Midwest Tornadoes Top Story for Public and Press
The devastating tornadoes that ripped through the Midwest last week dominated the public’s news interest and received much more coverage than any other story.
About half of the public (48%) says they followed news about the powerful tornadoes that struck Joplin, Mo., more closely than any other news last week. None of the week’s other top stories comes close, according to the latest weekly News Interest Index survey conducted May 26-29 among 1,000 adults by the Pew Research Center for the People & the Press.
News about the tornadoes made up 22% of all coverage, according to a separate analysis by the Pew Research Center’s Project for Excellence in Journalism (PEJ). News about the tornadoes made up 46% of network news airtime and 38% of cable news coverage examined last week.
More than four-in-ten Americans (45%) say they very closely followed news about the tornadoes. Half of women (50%) say they followed this news very closely, compared with 38% of men. And though this week’s devastation occurred in the Midwest, interest was comparable across the country: 48% in the South, 45% in the Northeast, 43% in the Midwest and 40% in the West say they followed news about the tornadoes very closely.
A Year of Major Breaking Stories
The public showed only modest interest in the week’s other top stories, continuing a trend seen throughout much of 2011. A series of major breaking news stories – including the shootings in Tucson, the upheaval in the Middle East, the disasters in Japan and the killing of Osama bin Laden – has dominated the news agenda for both the media and the public this year. And that has routinely resulted in less public attention to other news, such as the debate in Washington over how to address the federal deficit and long-term debt and the early stages of the 2012 presidential campaign.

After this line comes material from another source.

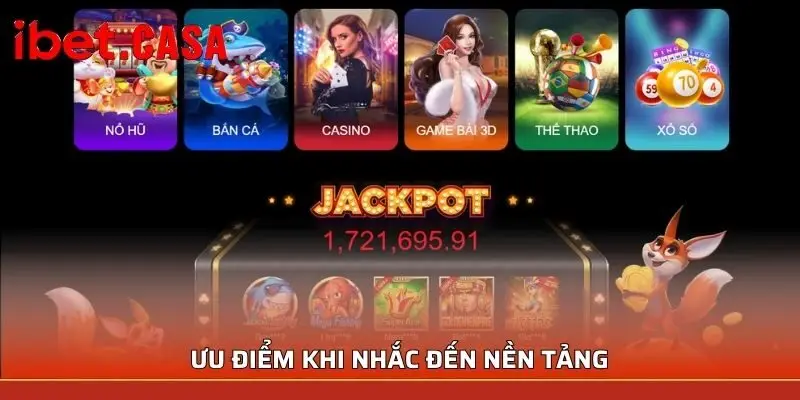 Ưu điểm khi nhắc đến nền tảng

A quarter of the public (25%) says they very closely followed the ongoing discussions in Washington last week over how to handle the federal budget deficit and reduce the national debt; just 8% say this was the news they followed most closely. The only week this year when the deficit debate drew substantial public interest was in early April, when a government shutdown loomed. In the April 7-10 News Interest survey, 47% followed news about the threat of a shutdown very closely and 31% followed this story most closely.
Two-in-ten say they followed news about the 2012 presidential campaign very closely last week, up slightly from a week earlier (15%) and matching the high for the year hit in mid-April. Still, just 5% say this was the news they followed most closely. News about the campaign, focused on the potential Republican candidates, made up 9% of coverage.
About a quarter (26%) say they followed news about state and local budget problems very closely; 7% say this was the news they followed most closely. News about state and local budget problems made up just 1% of the national coverage analyzed by PEJ, though these are often local stories covered more closely by local and regional media.
Nearly two-in-ten (18%) say they followed news about the conflict between the Israelis and the Palestinians very closely; 5% say this was the news they followed most closely. News about the conflict – and the response to efforts by President Obama to restart negotiations over creation of a Palestinian state – made up 5% of coverage.
Meanwhile, about one-in-ten (11%) say they followed news about Obama’s trip to Europe last week very closely. Just 3% say this was the news they followed most closely. The president’s trip made up 3% of coverage.
Most Aware of Oprah’s Final Show
Nearly three-quarters of the public (73%) say they heard at least a little about the end of Oprah Winfrey’s daytime talk show; 36% say they heard a lot about this while 37% say they heard a little. About a quarter (26%) say they heard nothing at all.
In November 2009, when Winfrey announced her show would end this year, comparable numbers had heard this news. At that time, 33% said they had heard a lot about this and 45% said they had heard a little; 21% said they heard nothing at all.
Women are much more likely than men to say they heard a lot about Winfrey’s final talk show (45% vs. 27%). And African Americans are much more likely than whites to say they heard a lot about Winfrey’s final program (55% vs. 34%).
Two-thirds of the public (66%) say they heard at least a little about a judge finding Jared Loughner not fit to stand trial on allegations that he killed six and severely wounded Rep. Gabrielle Giffords in a January shooting spree in Tucson, Ariz. About a quarter (23%) say they heard a lot about the ruling, while 43% say they heard a little. A third (33%) say they heard nothing at all about this.
More than six-in-ten (63%) say they heard at least a little about the latest allegations against Lance Armstrong, the bicycle racing champion who has been accused of using performance enhancing drugs. About two-in-ten (19%) say they heard a lot about this, while 44% say they heard a little. More than a third (37%) say they heard nothing about this.
These findings are based on the most recent installment of the weekly News Interest Index, an ongoing project of the Pew Research Center for the People & the Press. The index, building on the Center’s longstanding research into public attentiveness to major news stories, examines news interest as it relates to the news media’s coverage. The weekly survey is conducted in conjunction with The Project for Excellence in Journalism’s News Coverage Index, which monitors the news reported by major newspaper, television, radio and online news outlets on an ongoing basis. In the most recent week, data relating to news coverage were collected May 23-29, and survey data measuring public interest in the top news stories of the week were collected May 26-29, from a nationally representative sample of 1,000 adults.